1960’ta tam bağımsızlığını kazanan Somali’de 1969 yılında darbeyle iktidarı ele geçiren askerî yönetimin zulmünden kaçan yüzbinlerce insan Etiyopya topraklarına sığınmıştır. 1977 yılında Etiyopya’da imparatorluk rejimi devrilince ülkenin güneydoğu bölgesini oluşturan ve ahalisi Somali kökenli olan Ogaden bölgesi Somali devletiyle birleşmeye karar vermiştir. 1977 yılı sonunda Somali devleti Ogaden’in büyük bir bölümünü ele geçirmişse de, Etiyopya, Küba ve Sovyetler Birliği’nden aldığı askerî yardımla Ogaden’i Somali’den geri almıştır. Bu süreçte iki milyon insan göçmen durumuna düşmüştür. 1982-1983 yıllarında Etiyopya, Somali’nin kuzey ve orta kısımlarında çıkan isyanları teşvik etmiştir. ABD askerî ve insanî yardımı karşılığında Somali’den daha önce Sovyetler Birliği tarafından askerî üs olarak kullanılan Berbera Limanı’ndaki deniz üslerini kullanma hakkını almıştır.
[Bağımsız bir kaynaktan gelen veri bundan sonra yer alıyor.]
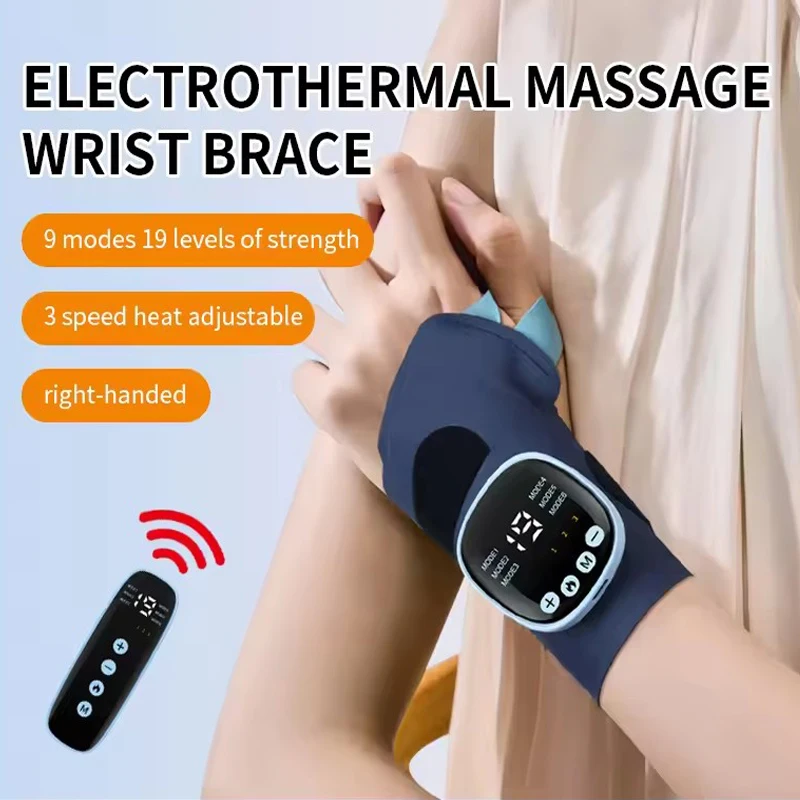 Cordless Wrist Massager with Heat USB Rechargeable Warm Pad Wrist Brace Wrap with Massage for Wrist Carpal Tunnel Fatigue Relief
Cordless Wrist Massager with Heat USB Rechargeable Warm Pad Wrist Brace Wrap with Massage for Wrist Carpal Tunnel Fatigue Relief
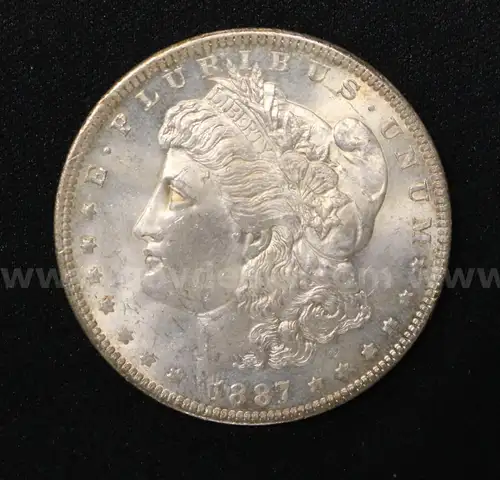 Graded U.S 1887-O Silver Morgan Dollar Coin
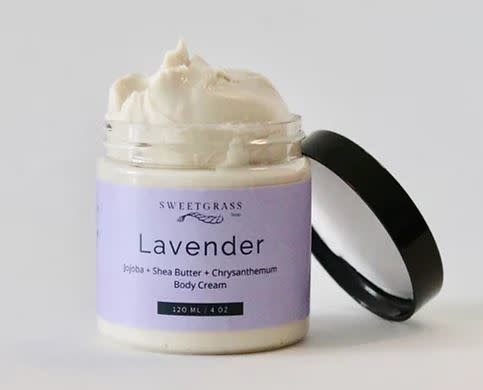 Lavender Body Cream by Sweetgrass Soap-1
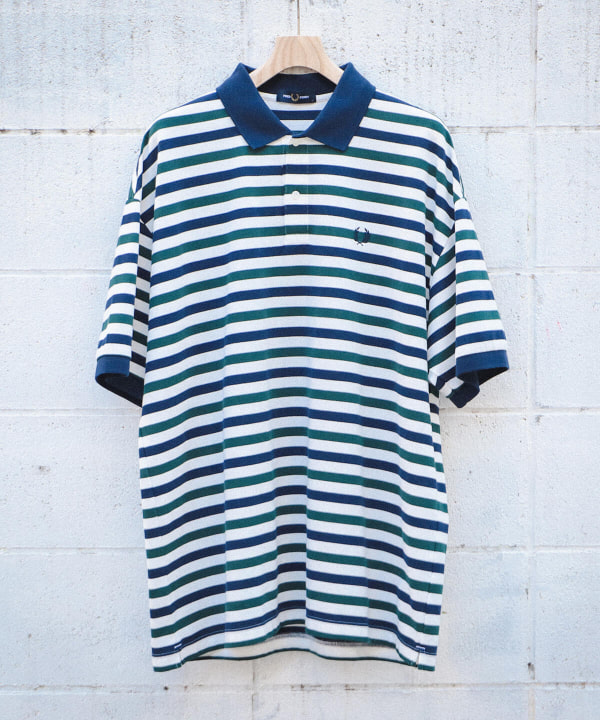 BEAMS FRED PERRY × BEAMS / 別注男裝寬鬆橫條紋POLO衫（襯衫・罩衫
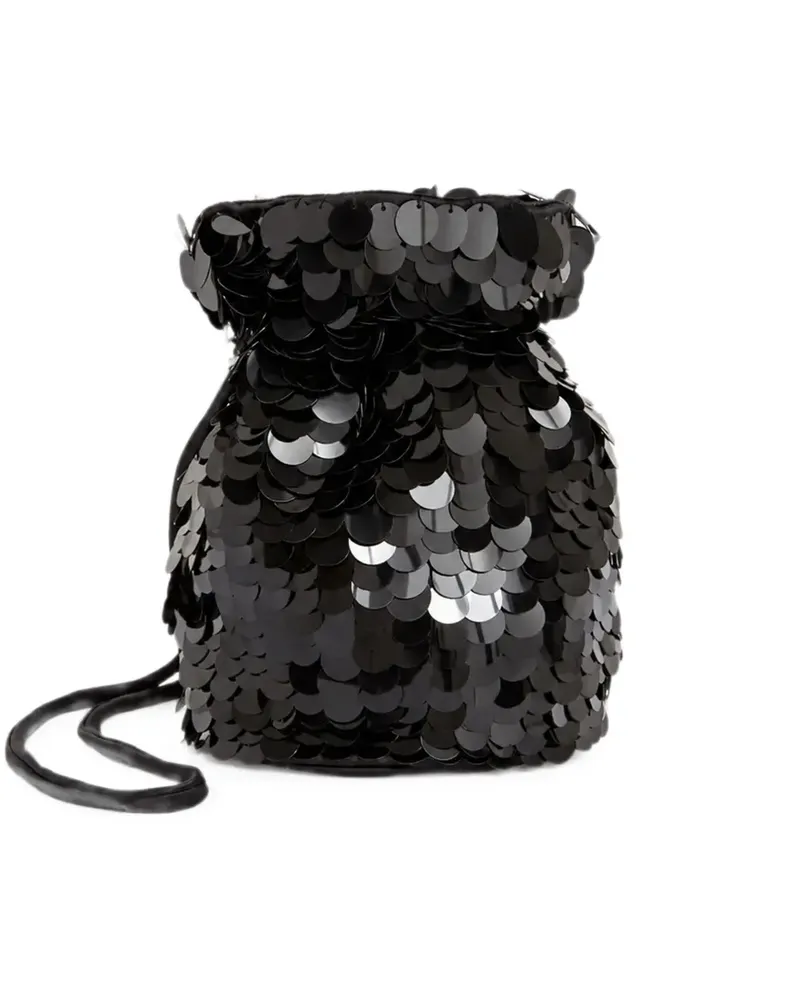 P.A.R.O.S.H. Gipsy Tote Bag mit Pailletten - Schwarz Schwarz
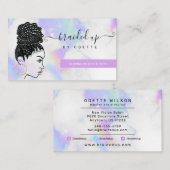 Hair Braiding Braider Stylist Pastel Clouds Visitekaartje (Voorkant / Achterkant)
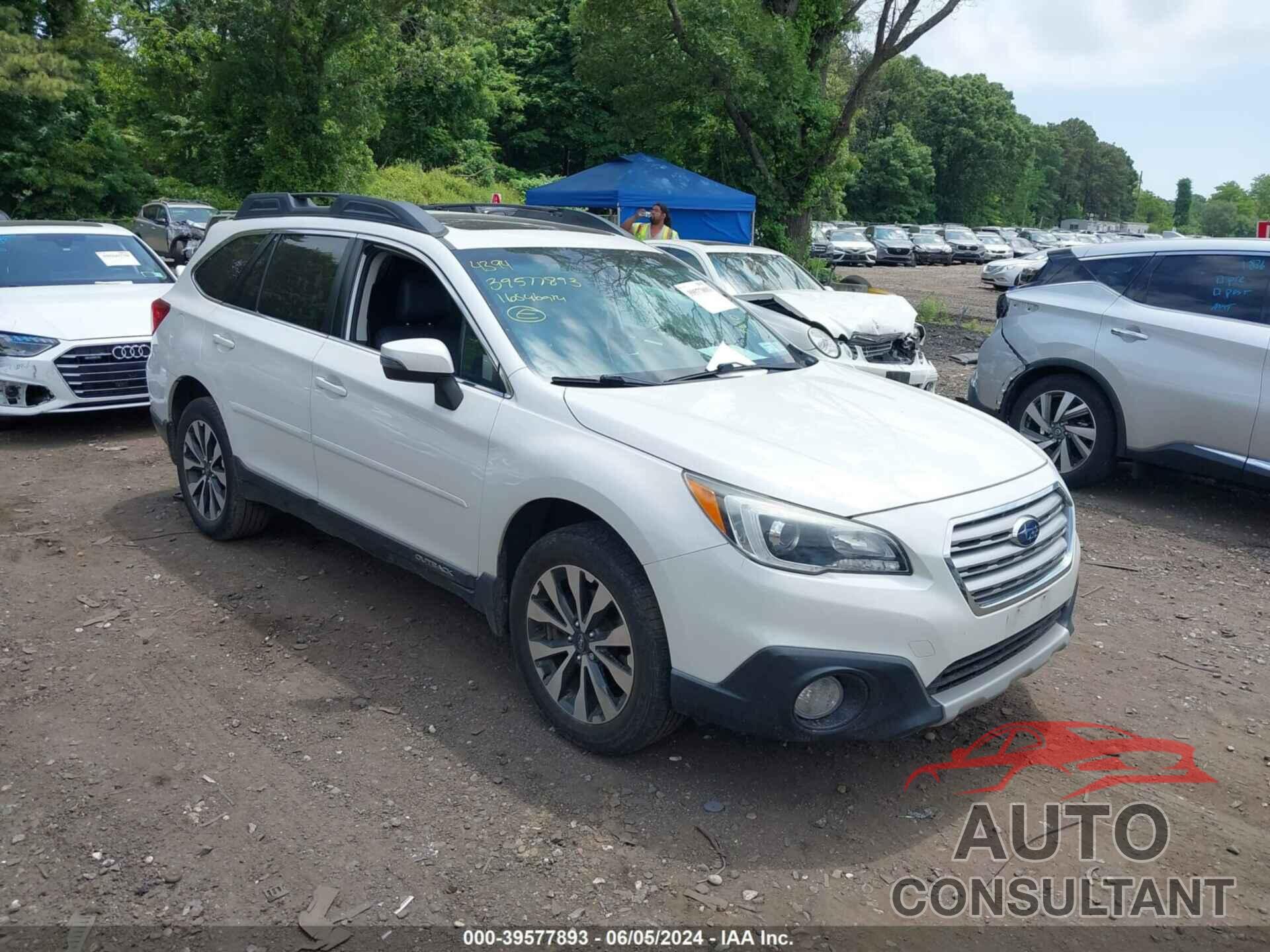 SUBARU OUTBACK 2016 - 4S4BSANC7G3309951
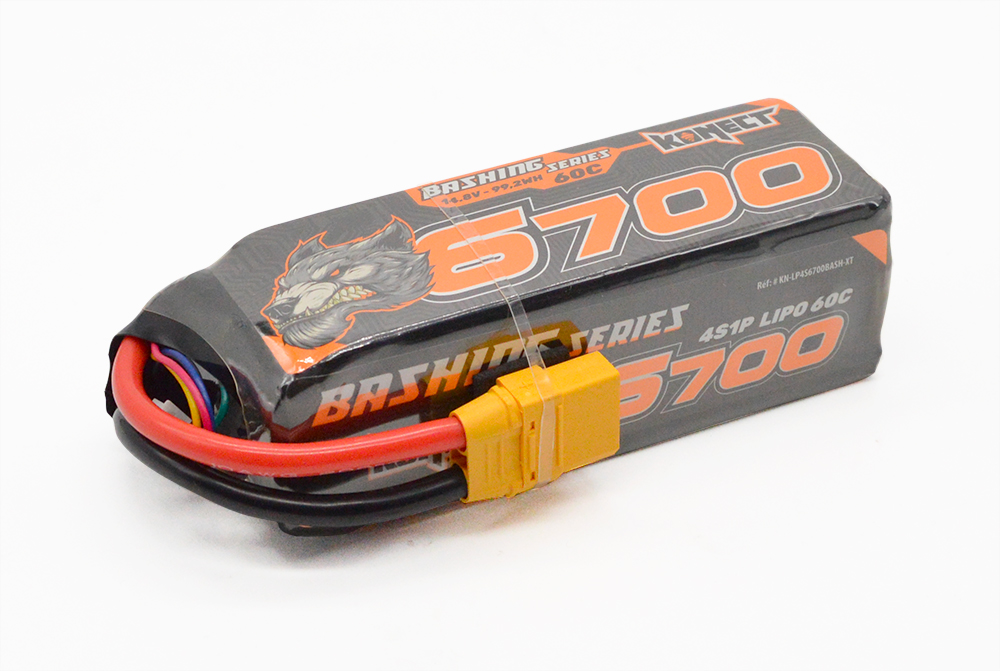 Pack accus 4 éléments 14,8V 6700mA 60C XT90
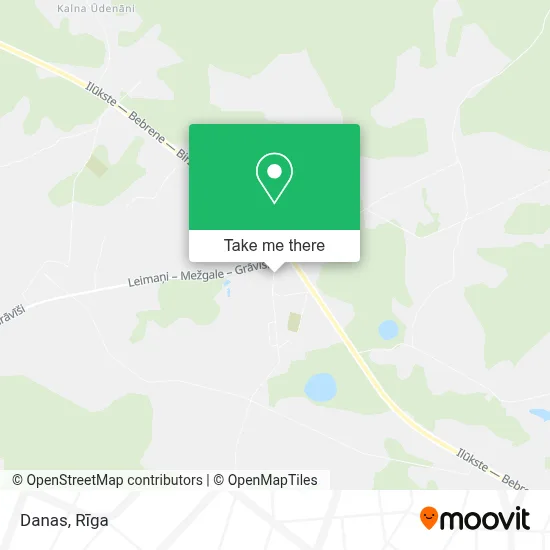 Danas map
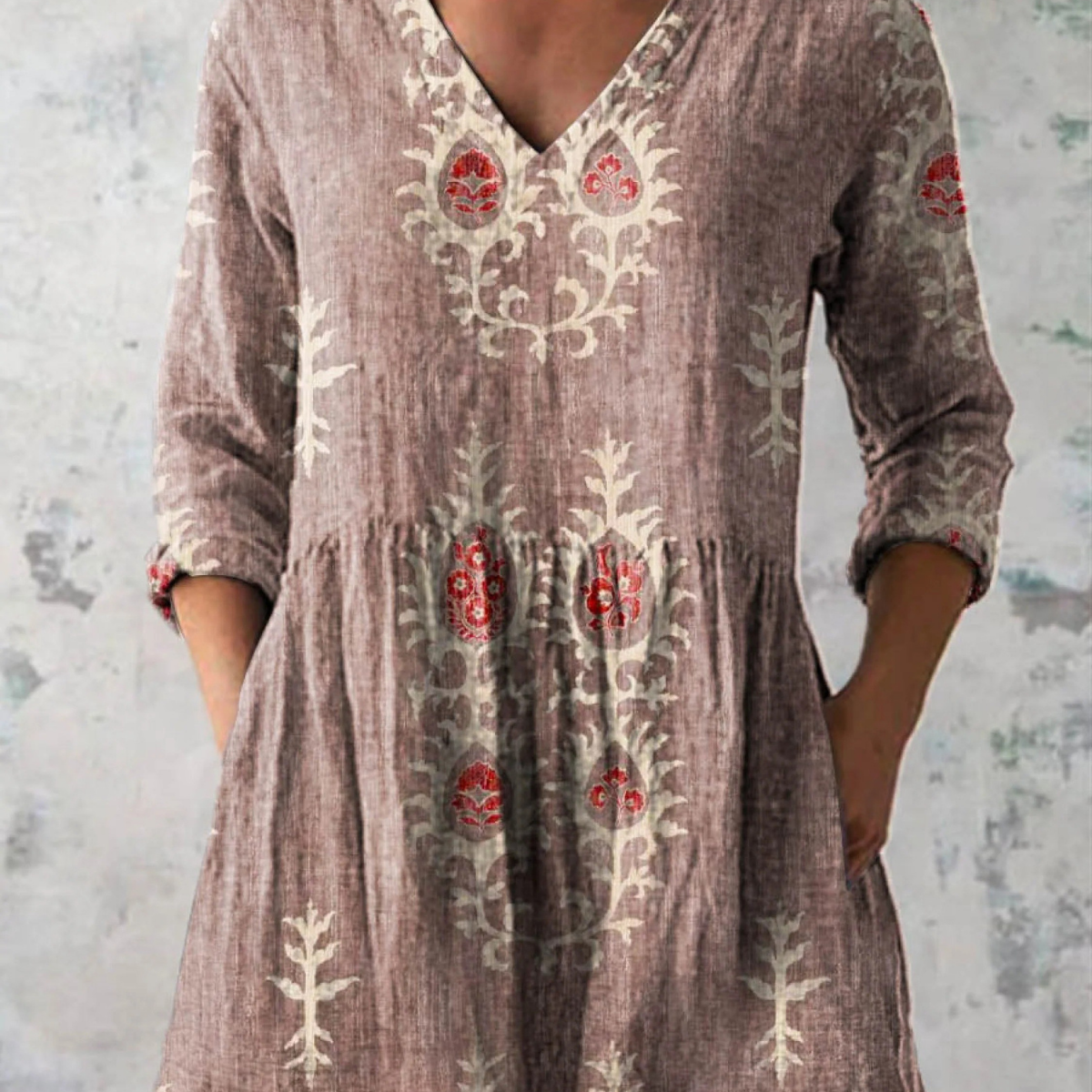 Federica | Blusa lunga con scollo a V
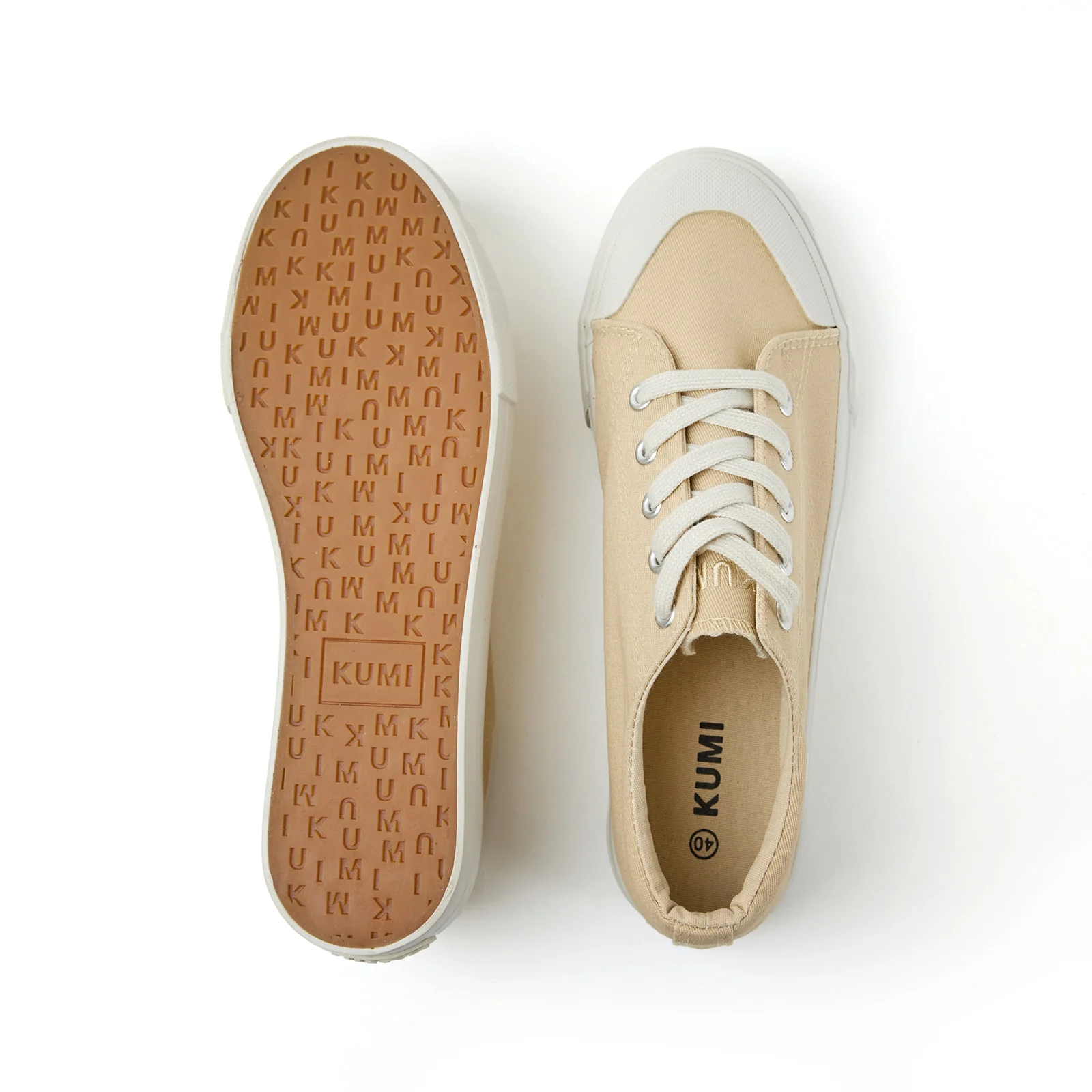 Latte Platform sneakers - Image 4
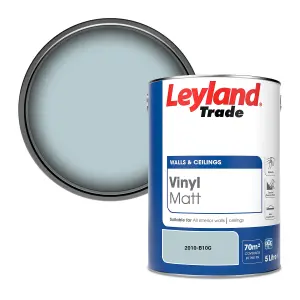 Leyland Trade Vinyl Matt Walls & Ceilings Emulsion Paint (2010-B10G) 5L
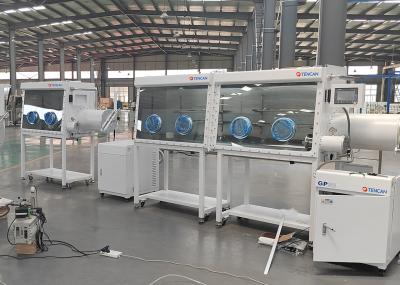 Laboratory Use GBP750S-4(1800) Inert Gas Glovebox Regeneration System With 4 Gloves for One Side
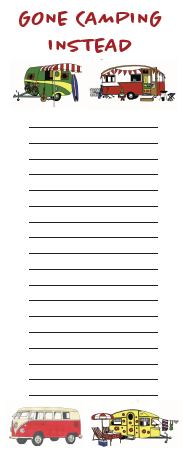 Jotter - Gone Camping Instead - Allgifts Australia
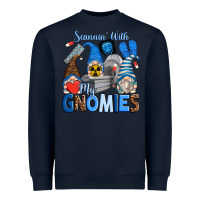 Navy scannin' with my gnomies Heavyweight Sweatshirt - Zillion Design Studio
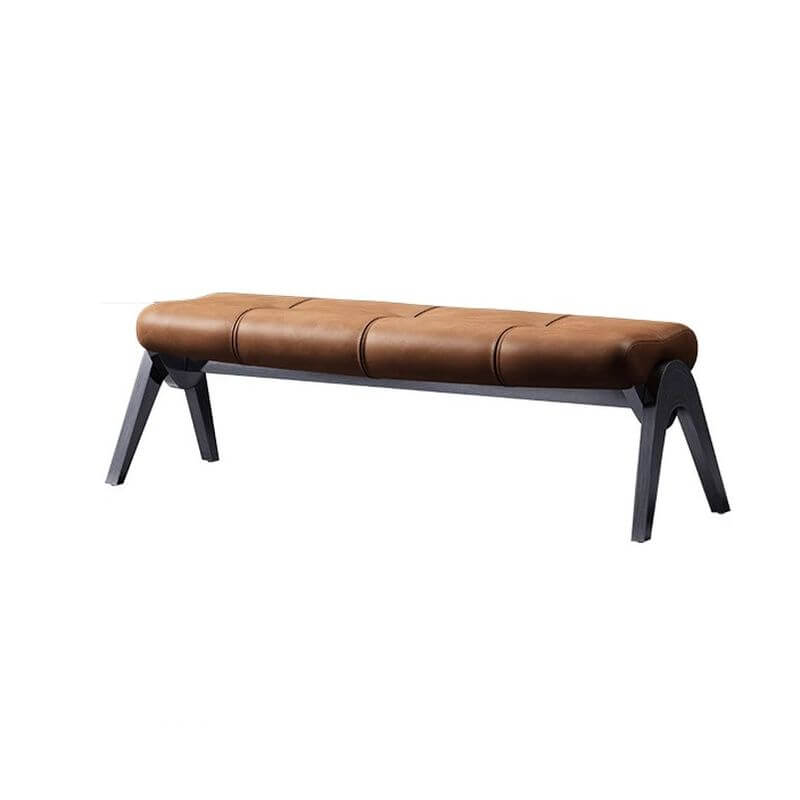 Stylish gold and black indoor benches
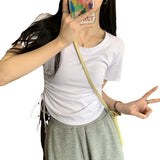 Small Design With Korean Version Of Short-Sleeved T-Shirt Women In The Summer To Wear A Back Shirt Slim Short Dress
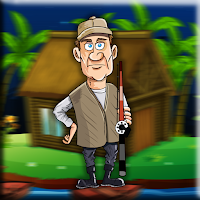 Free online html5 games - G2J Fisherman Rescue From Hut game 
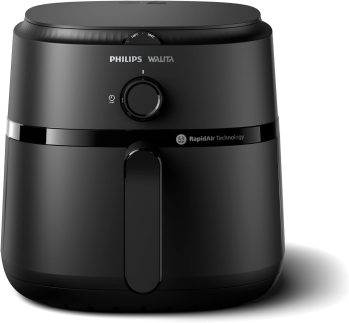 Fritadeira Airfryer Série 1000 XL, Philips Walita, 6,2 litros, Tecnologia RapidAir, Preta, 2 anos de garantia, 110v - NA130/00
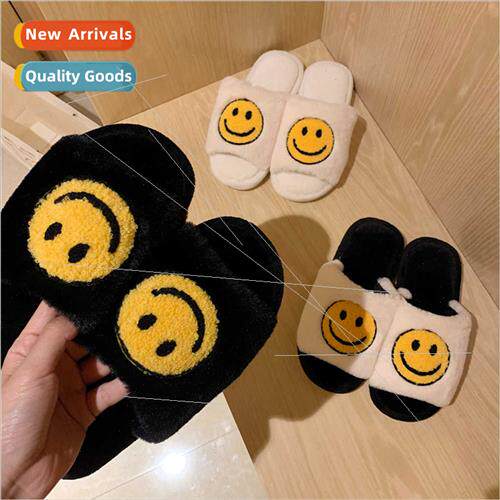 Ins tide new couple cartoon cotton slippers fall winter fema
1986’da ülkede iç karışıklık artmış ve 1991-1992 yıllarında yaşanan iç savaşta, çatışmalarda 50 bin, 300 bin kişi de açlık sebebiyle yaşamını yitirmiştir. 1992 yılı Aralık ayında Birleşmiş Milletler ABD öncülüğünde Somali’ye müdahale etmiş, ancak Somali halkının büyük tepkisiyle karşılaşan bu müdahale 1993 yılında ABD birliklerinin Somali’den çekilmesiyle sonuçlanmıştır. Yaşanan bu kaos ortamında Somali sömürge döneminden zor bir duruma düşmüş, ülkede yönetim mekanizmaları işleyemez hale gelmiş, devlet yönetiminin başında siyasî bir irade kalmamıştır.
General Muhammed Ferah Aydid 1996’da ölünce yerine geçen oğlu Hüseyin Muhammed Aydid’in birlikleri ülkenin merkezinde ve güneyindeki bazı yerlerin idaresini ele geçirmiştir. Kuzeybatıdaki eski Somaliland’ın idaresini elinde tutan Muhammed İbrahim Egal ise 23 Şubat 1997’de buranın devlet başkanı ilan edilmiştir. Ülkenin kuzeydoğusu Abdullah Yusuf Ahmed’in, Kismayo bölgesi general Morgan’ın, güneyi ise Ömer Hac Massale’nin idaresine girmiştir. Başkent Mogadişu ise Ali Mehdi, Aydid, Ömer Jess ve Morgan arasında paylaşılmıştır. 26 Ağustos 2006 tarihinde sürgünde kurulan hükümet ise Abdülkasım Salad Hasan’ı devlet başkanı seçmiş, böylece Somali toprak bütünlüğünü tamamen kaybederek bölgesel parçalanma yaşadı.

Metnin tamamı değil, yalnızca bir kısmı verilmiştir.